Brothels, where girls had little freedom and were pitifully exploited, were outlawed at the end of the Second World War and, following a campaign by streetwalkers and feminists, there was a crackdown on pimps in the mid-1970s.

This legislation led to a rise in the number of girls working for themselves, bringing them out of the underworld. In 1994 the law under which a man living with a prostitute risked being imprisoned for living off the proceeds of prostitution, even if he could give proof of his earnings, was repealed, opening the way for women working as prostitutes to have family lives. Many have carved out an almost bourgeois existence, with families and mortgages, by achieving the sought-after status of self-employment.

The president of France Prostitution is Michelle, 58, who has witnessed the evolution of prostitution from a situation in which it was synonymous with organised crime, to the emancipation of working girls. 

Michelle works in the Bois de Boulogne — a place for female prostitutes in daylight. She has always worked for herself. Like most women who work here ,  she takes her clients to a van and charges the going rate: £13 for fellatio and £25 for sexual intercourse.

She said prostitutes are more often the targets than the perpetrators of crime. 'Because we no longer have pimps, we are easy targets for delinquents who want to steal our money. '

Her son discovered what she did for a living at nine and asked her: 'Do you kiss them?' The answer was no. 'Well, that's all right then,' he said.

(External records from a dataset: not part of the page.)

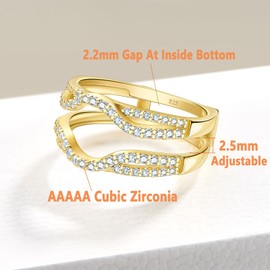 SHELOVES Womens Sterling Silver Yellow Gold Ring Enhancers Round White AAAAA CZ Infinity Guard Ring Sz 7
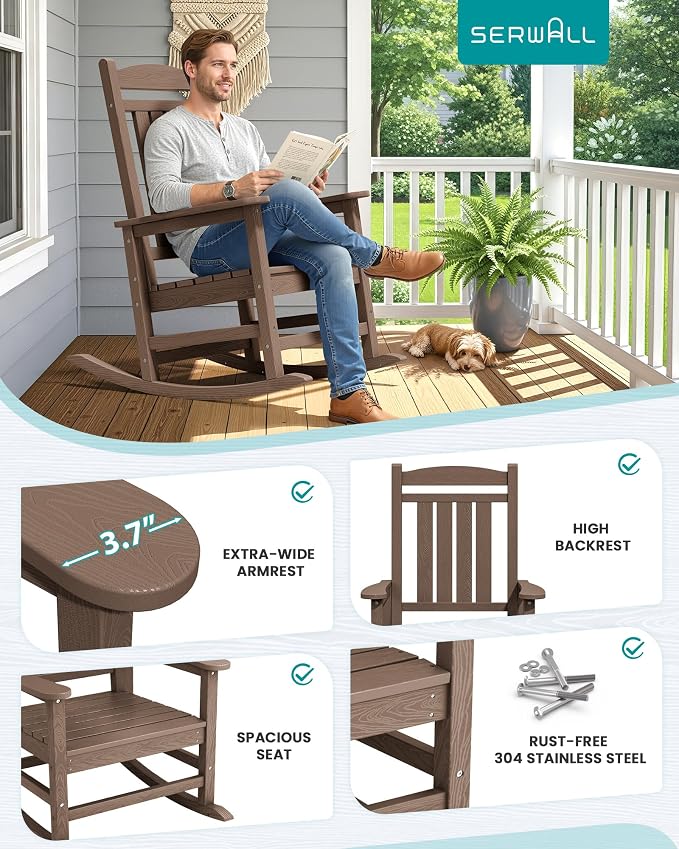 SERWALL HDPE Outdoor Rocking Chair Set of 4, Patio Rocking Chairs, All-Weather - Image 5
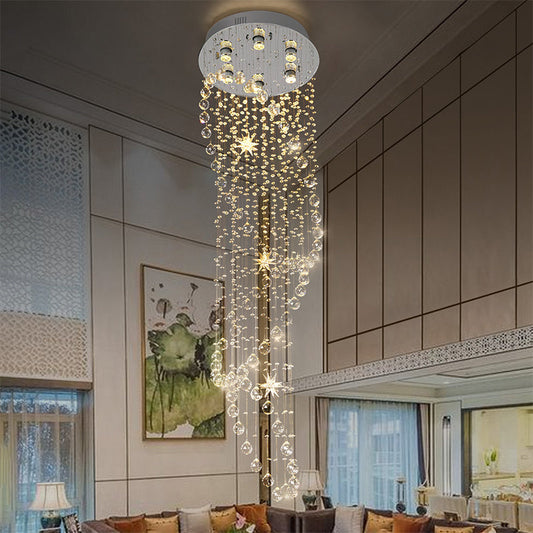 Modern Chrome Crystal Orb Flush Mount Fixture with Waterfall Design and 6 Lights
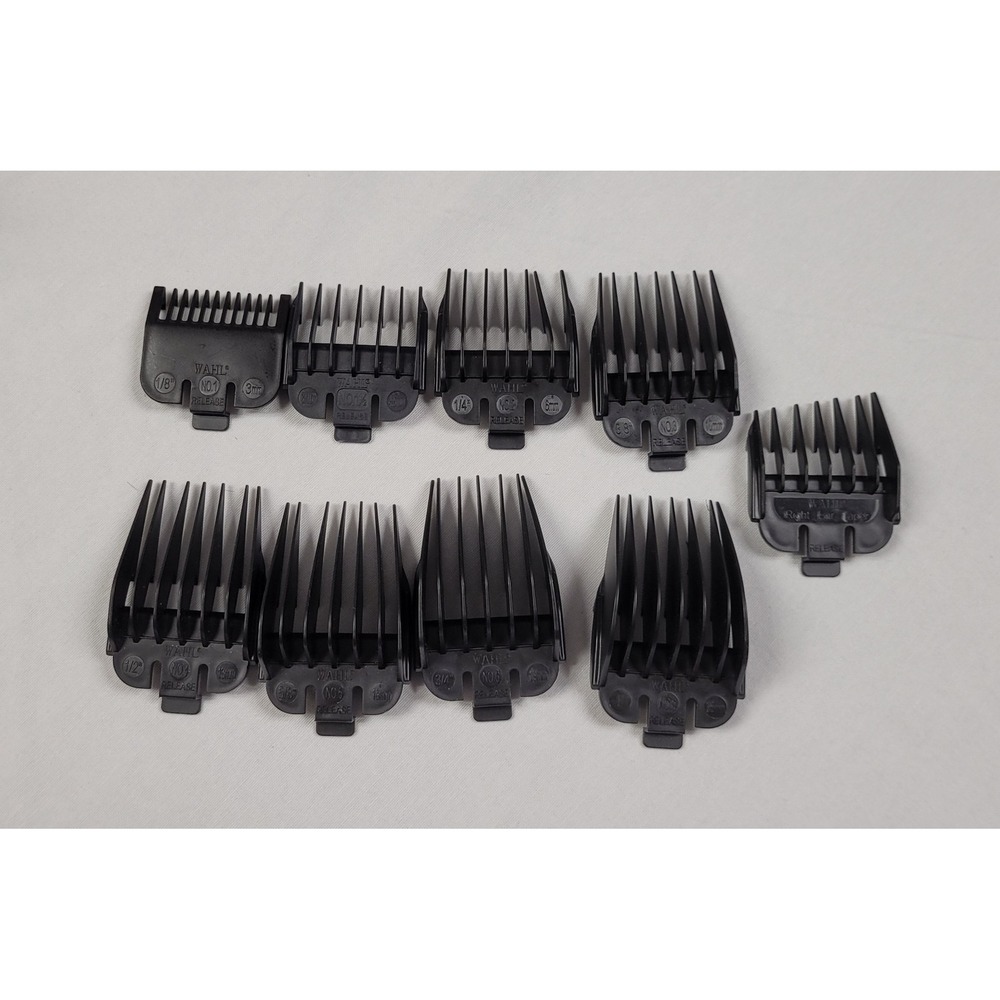 Wahl Replacement Hair Clipper Guards Lot of 9 #1, 1.5, 2, 3, 4, 5, 6, 8, R. Ear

Now a 35-year-old actor, he still lives with her. 'He's come out of all this very well.'

After 40 years as a prostitute, early years of back-street abortions, nights in 'filthy, overcrowded police cells' and physical attacks Michelle has no regrets but fears the end of the tolerance in society which the profession has attained. "

Tuesday, May 6, 2003



From the Associated Press:

" Prostitutes cleared in first Paris trial over law against 'passive' solicitation

PARIS — Three prostitutes were acquitted Monday in a trial that marked the first test in Paris of a new anti-crime law forbidding even "passive" solicitation of potential customers.

The women were taken into police custody early last month after residents of the working-class Paris neighborhood where they were working complained to authorities, according to police.

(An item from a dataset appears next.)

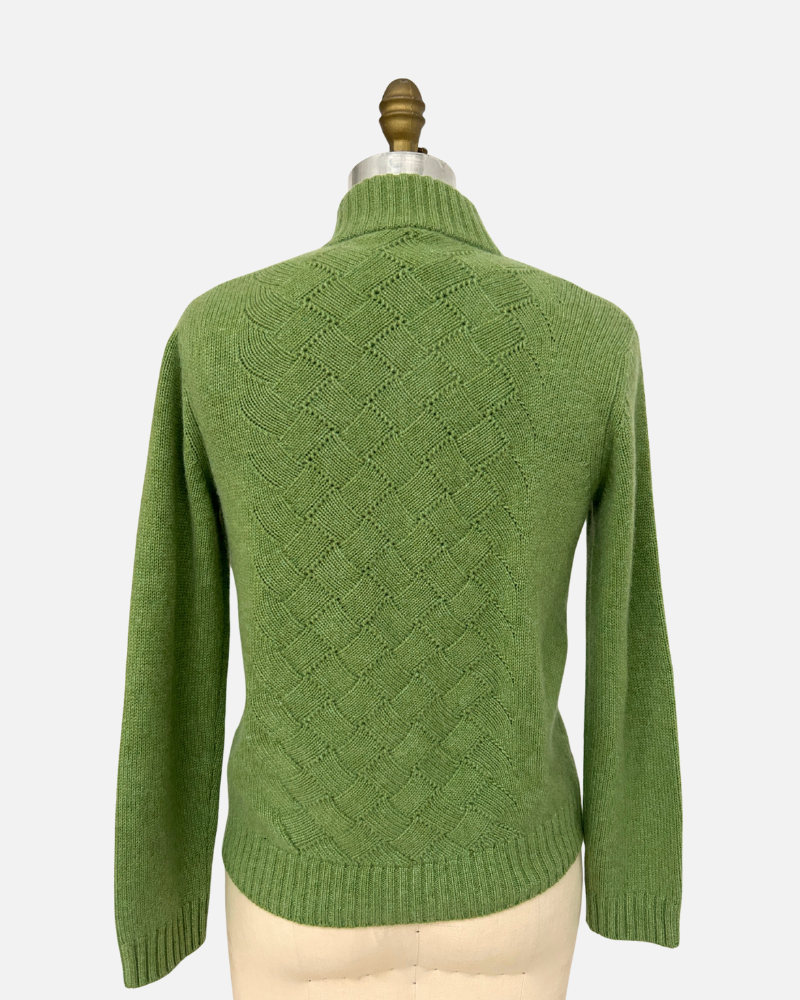 FRANCESCA BASKET WEAVE TWIN SET: KIWI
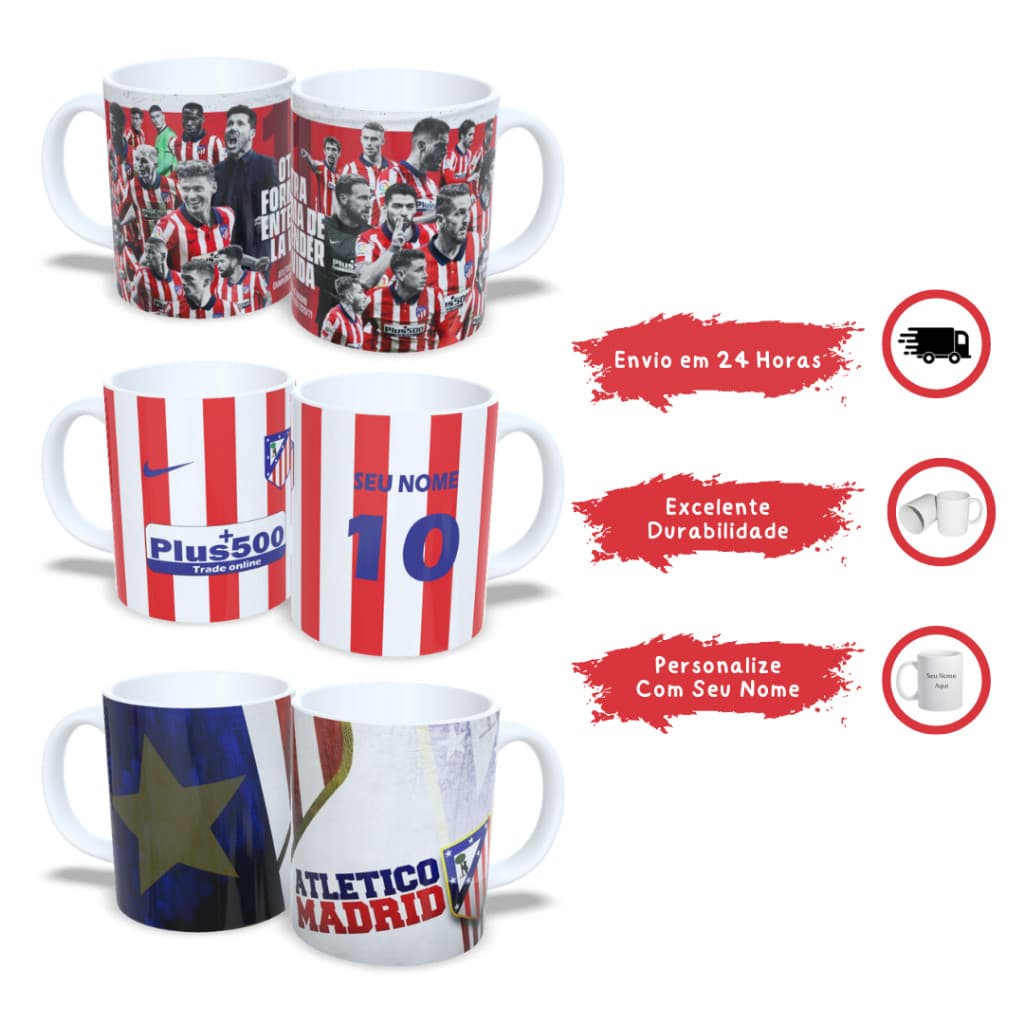 Caneca do Atlético de Madrid! Vários Modelos! Promoção Exclusiva + Envio Rápido!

The law set prison terms of up to six months and fines for "passive solicitation" by prostitutes, a vaguely defined term based on "their dress or their attitude."


Hundreds of prostitutes, many wearing white masks with tears painted on them, marched in protest of the proposed law in Paris last November. France's center-right government swept to power last summer on pledges to combat prostitution as part of a wide effort to stem rising crime. "

Let's hope that President Alan Garcia's time of exile in France brings no change in his center-left governance.